There’s a few ways around it perhaps, none of them ideal.

You could fly the CPL winners down to the US and play in Connecticut, where TFC will call their temporary home. They’d face 14 days quarantine when they returned, but it would keep them fit and fresh for the final.

If Forge win the CPL title, their group would have been together for their scheduled CONCACAF League preliminary round match at the end of October, although it feels that is not likely to be going ahead. So keeping them together for a November or December Voyageurs Cup final wouldn’t be too much of a stretch.

It’s just the weather then comes into things, big time.

While he hasn’t given the Canadian Championship aspect to the CPL final any thought at all, HFX Wanderers head coach Stephen Hart did have some thoughts as to when the match should be played, no matter whether it is his side or Forge FC that earn the right to face TFC.

“If you’re asking me whether that game should be played sooner, with both leagues running at present, I would say yes,” Hart mused. “It should be played sooner.
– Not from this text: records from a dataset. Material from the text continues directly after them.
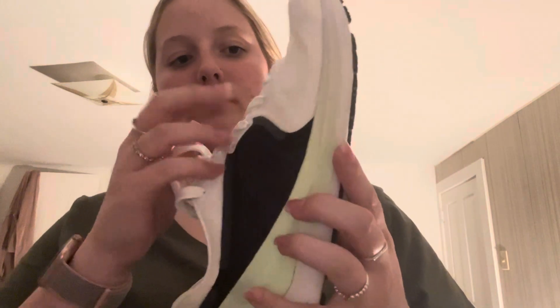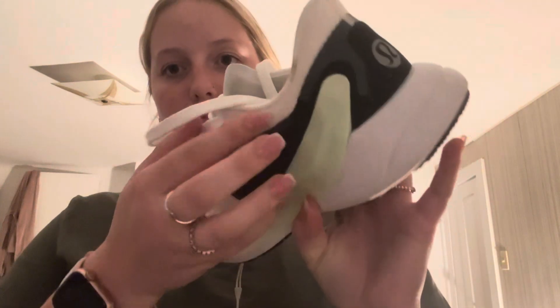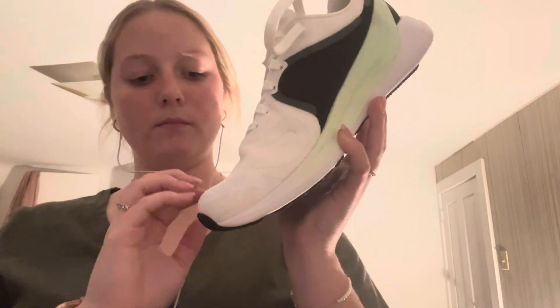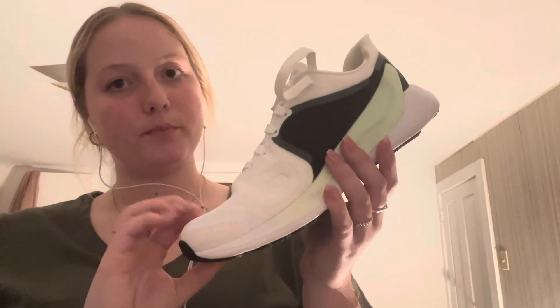It's not a rocker, so that should be good. I think we might have a couple other colors in the back in your size — I'll take a peek, but why don't we just start with these for now.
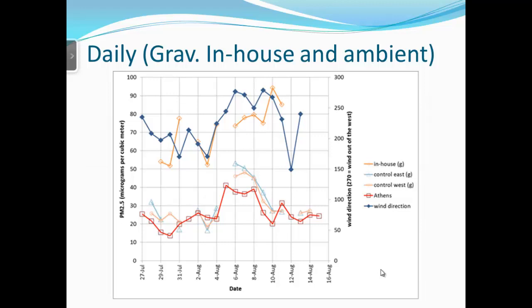Looking at gravimetric readings, PM2.5 levels inside the house are considerably higher than outside. Wind direction data — shown in blue — indicates readings near 270 degrees, meaning wind was out of the west as expected, though with variation since prevailing wind doesn't blow the same direction all the time in the Southeast. The gravimetric results show a similar pattern to the continuous measurements, with a high level during the same period when ambient conditions were highest.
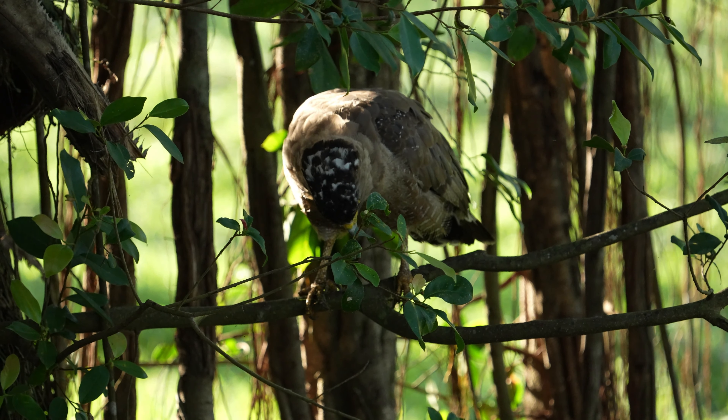And it's not just snakes that are on the menu. The eagle also hunts lizards, amphibians, and small mammals, demonstrating its versatility as a predator.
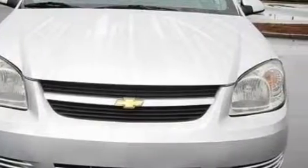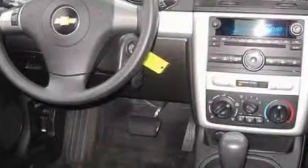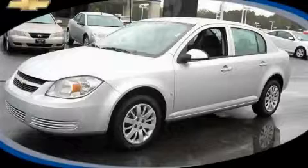Your search for a reliable pre-owned vehicle is over because this vehicle is covered by GM's 100,000-mile, five-year powertrain limited warranty. Stop by today and test drive this car for yourself.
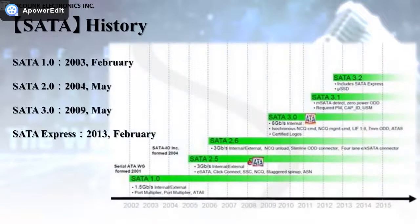SATA 1 was announced in February 2003. SATA 2 was announced in May 2004. SATA 3 was announced in May 2009. SATA Express was announced in February 2013.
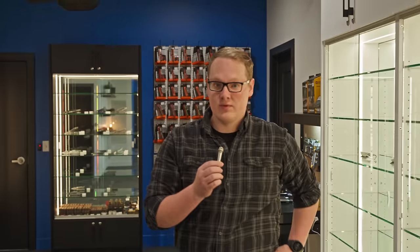Well everybody, there you have it. We've done an employee pocket check here at Blade HQ. We've had a lot of cool stuff — let me know what's in your pocket, and whoever's got the coolest knife, I'm going to give a heart to in the comments section. Other than that, we'll see you next time. Happy Holidays.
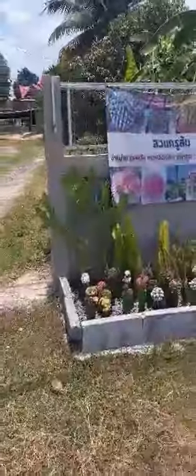Nice little flower display here, and the pot plants in the front. Oh, they're cactus collectors. I see they sell flowers — that's an advertisement.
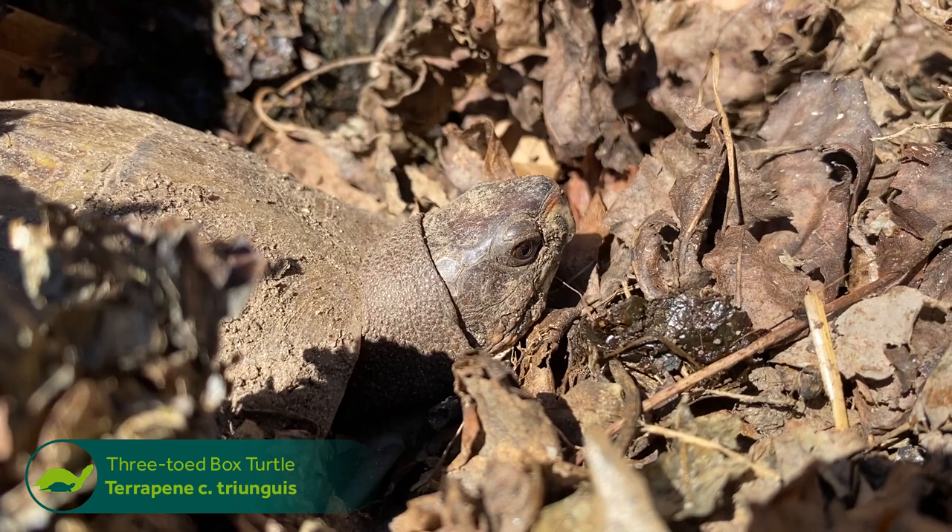Hey guys, this is Kevin from The Turtle Room. It is a nice 60-degree day here in Connecticut and we're going to take a look at a bunch of three-toed box turtles coming out of brumation.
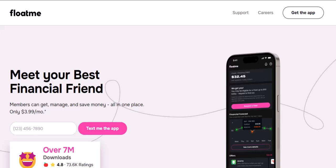First off, FloatMe isn't a loan shark. It's not a payday lender either. It's more like a financial buddy who gives you a little advance on your own money. Think of it as your paycheck hanging out in traffic while you need cash now — that's where FloatMe steps in.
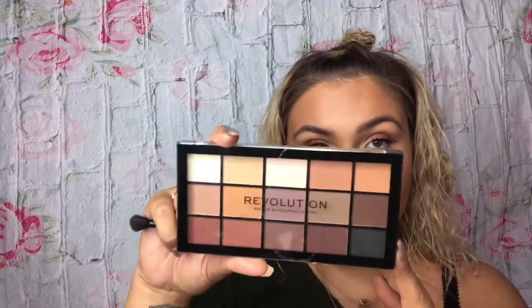I'm going to do this brow off camera and then come back. I'm going to jump back into the Revolution palette and take a light pink-whitey shade on a flat definer brush and apply it right under my brow bone. Then I'm going to apply mascara under my eyelashes using the Essence Lash Princess Mascara again.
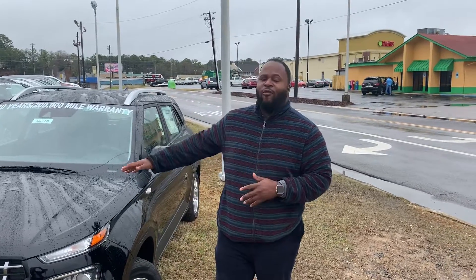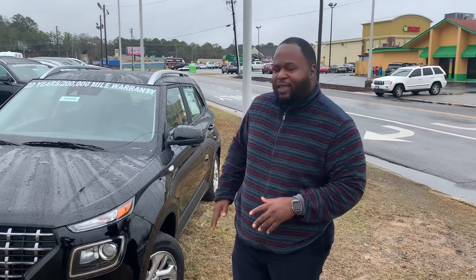Hey, it's Xavier here from Tamron Hyundai. Thank you for inquiring about a brand new 2020 Hyundai Venue. If you see, I have one right behind me pulled up — it's a beautiful vehicle. Let's take a look at it.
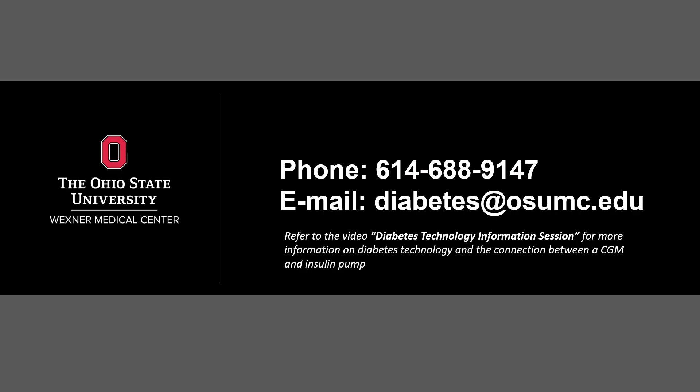Please refer to the next slides for contact information and frequently asked questions. If you are interested in learning more about diabetes technology or the connection between a CGM and an insulin pump, this can be found in the video titled Diabetes Technology Information Session. We thank you for your time and look forward to working with you.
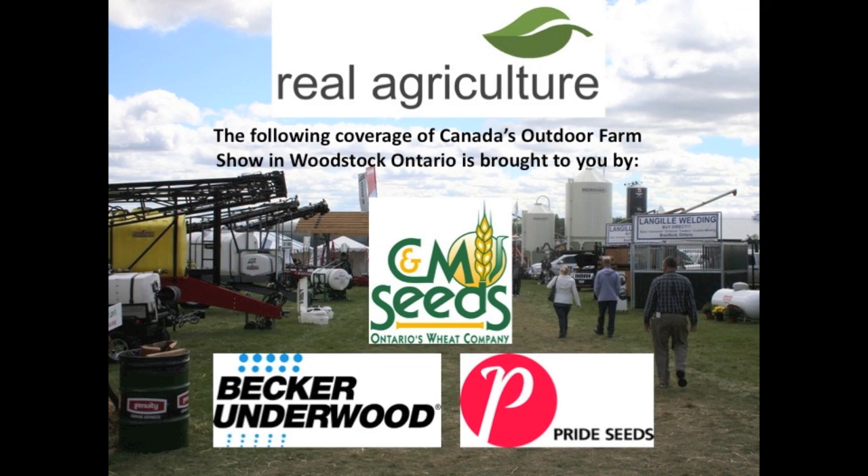RealAirCulture.com's coverage of Canada's outdoor farm show is brought to you by Becker Underwood, Pride Seeds, and C&M Seeds. We're here today on RealAirCulture.com at Canada's outdoor farm show, joined by John McErnie from Keenan True Technology TMR Mixers. Welcome today, John.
I mean, really and truly, who wants to be playing in December in Canada?”

Well Forge FC head coach Bobby Smyrniotis may be one of them, as he’d seem to relish the chance to take on TFC in Ontario in December.

“Yeah, why not?” Smyrniotis said. “If that’s when they say we play, we play. I’m not a person who will complain about things, who will look for any excuses. It is what it is at this point. If we could play it next week, great. If we could play it in two weeks, even better. If it’s in December, January, we’ll take that game and whether it’s us or Halifax, we’ll put our best foot forward.

“But one thing I’ve learned about 2020 is that nothing is normal, nothing is straight forward. So I hope that there’s a solution to play the game sooner rather than later, but if it’s later, everyone who is involved will have to prepare for that and that’s how it will be.”